Although it is fiction, the book is presented as an in-universe collection of factual documents, describing the 23rd century Starfleet and United Federation of Planets, and it is described as having been accidentally sent from the future to the 20th century—specifically, when as described in "Tomorrow Is Yesterday", the Enterprise was accidentally propelled back in time in a freak mishap, causing the manual's contents to be accidentally downloaded into the main computers of the now-closed Omaha Air Force Station.


The book provides some detail on the workings of technology used in the original series, including its ships, phasers, tricorders, universal translators, and medical equipment, and even diagrams for a working communicator built using 20th century electronics. It also contains plans for 3-dimensional chess, and lays out some basic game rules.


In 1973, Franz and his daughter joined a San Diego Trek appreciation society called STAR, the members of which spent time making their own Trek props and costumes. Using his aerospace design talents, he began making technical drawings of phasers and tricorders. He quickly amassed a large collection and sent copies to a very impressed Roddenberry, whose wife Majel Barrett's company, Lincoln Enterprises, was producing Trek memorabilia at the time. Though he considered the franchise dead, Roddenberry encouraged Joseph to seek Barrett's help in creating a manual, a project blessed with privileged access to original props and carpenter's blueprints.[citation needed]

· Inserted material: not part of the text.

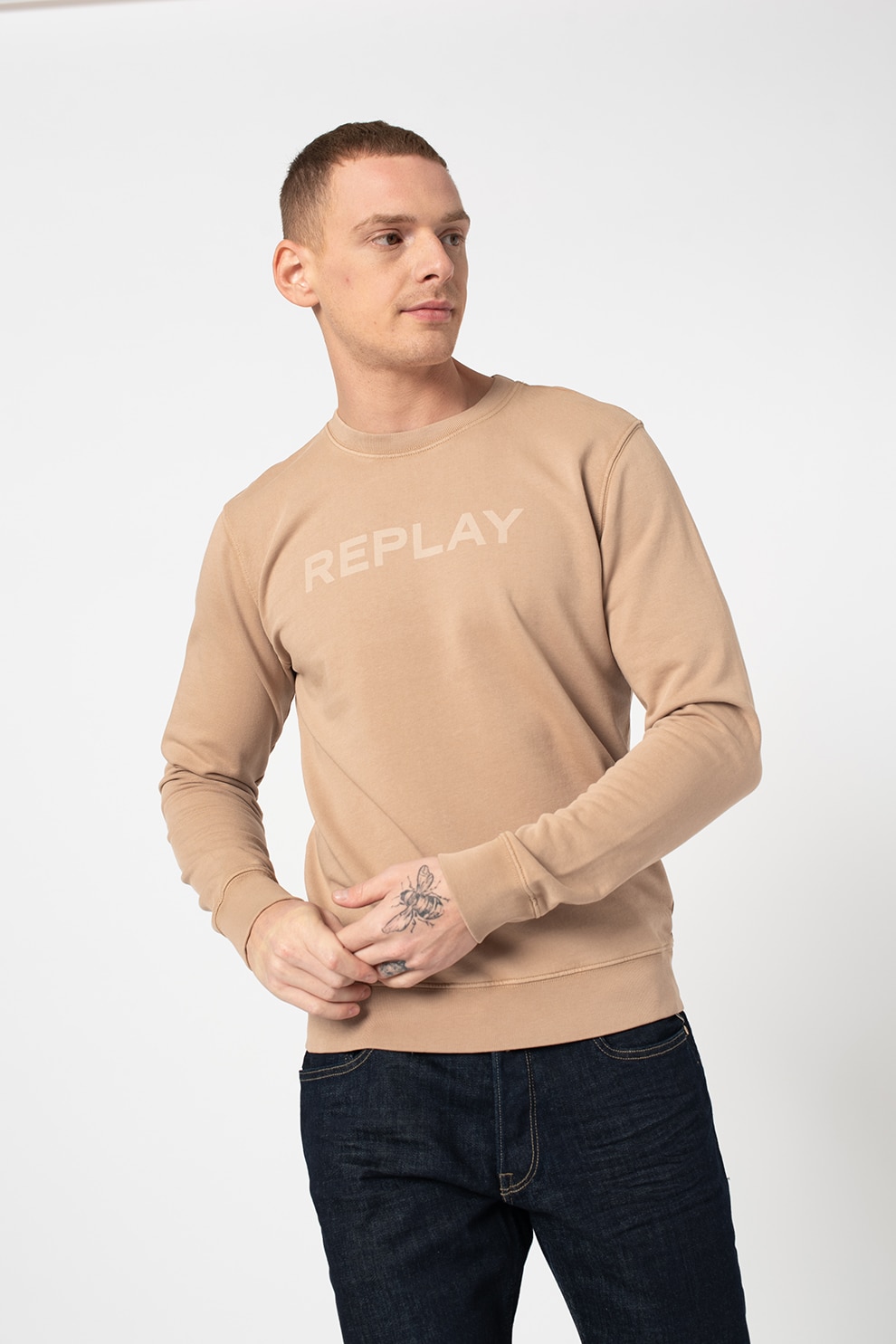Replay, Bluza sport din bumbac organic cu imprimeu logo, Maro camel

The book, published by Ballantine, took the number-one spot on The New York Times trade paperback list, breaking the existing record for profitability. Its success hinted at the brand's great potential, and within a year of its publication, Paramount and Roddenberry contracted to begin work on a Star Trek movie.[original research?]

Use as reference material[edit]

The book was culled for background imagery in the first three Trek films. Elements from the manual that appear on screen include:

In addition, the manual, along with semi-official blueprints available at the time of the Klingon and Romulan ships, was a major source for the initial designs used for Federation ships for the board game, Star Fleet Battles.